DOT Apologizes For Billing Dead Teen $3K For Highway Guardrail Image courtesy of Knoxville News Sentinel
State officials in Tennessee have apologized to the family of a dead teenager after sending a bill in her name for $3,000 in damages her car caused to the guardrail that some — including her family — blame for the young woman’s death.
On Nov. 1, the 17-year-old was driving her father’s car home on Interstate 75 when she left the road and into the median, and then hit the guardrail on the driver’s side door, a Tennessee Highway Patrol crash report says.
The guardrail end didn’t deflect the car or buckle to absorb its impact, but instead went through it, killing the teen instantly, THP said.
Months later, her father says they received a $2,970 bill, addressed to his daughter, from the Tennessee Dept. of Transportation for the cost of labor and materials to install 25 feet of new guardrail at the scene of the crash.

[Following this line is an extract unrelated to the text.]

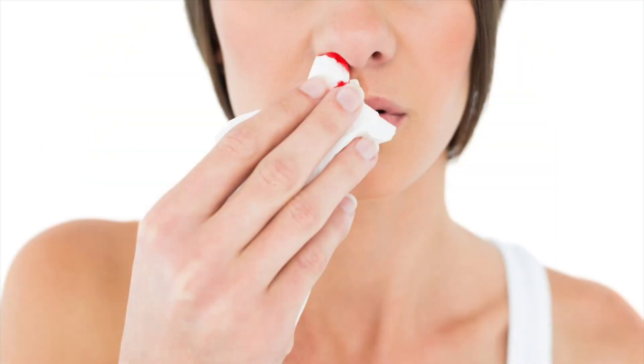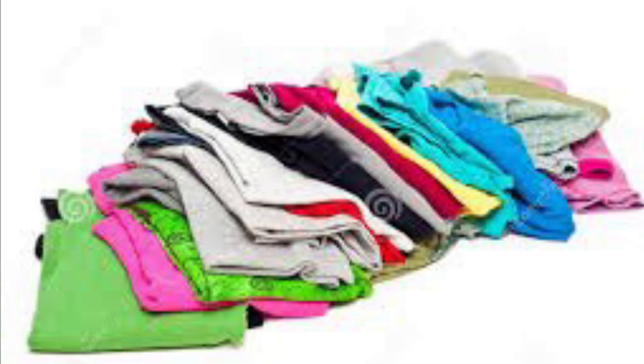Hello everyone. Do you have a bloody nose? Well, I have a solution for you. First thing you want to do is cup your nose, especially if it's dripping. You don't want any of that to get on the carpet, the floor, or your clothes.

The father tells the Knoxville News Sentinel he was “flabbergasted” that the department would bill his daughter “for the defective device that killed her.”
A spokesman for TDOT told the News Sentinel that the bill was the result of “a mistake somewhere in processing,” and that TDOT “greatly apologizes for it.” The family will not have to pay the bill and the department is ending a another letter to explain the error.
The News Sentinel reports that TDOT had removed the particular model of guardrail involved in this collision from its approved products list only a week before the incident. There was apparently some concern about its ability to perform against vehicles traveling more than 62 mph. That stretch of I-75 has a 70 mph speed limit.
“What bothers me is that they’re playing Russian Roulette with people’s lives,” the father told the paper. “They know these devices do not perform at high speeds and in situations like my daughter’s accident, but they leave them in place.”
Removing a model from the product list means that the agency won’t use it in future installations. As for the 1,000 X-LITE guardrail ends left out there, TDOT says it will be accepting bids for a contract to remove “most” of the terminals in question where the speed limit is above 45 mph.
In the meantime, the teen’s father says he will be pushing state officials to consider a more risk-based approach to guardrails by preemptively removing and replacing any that may be dangerous.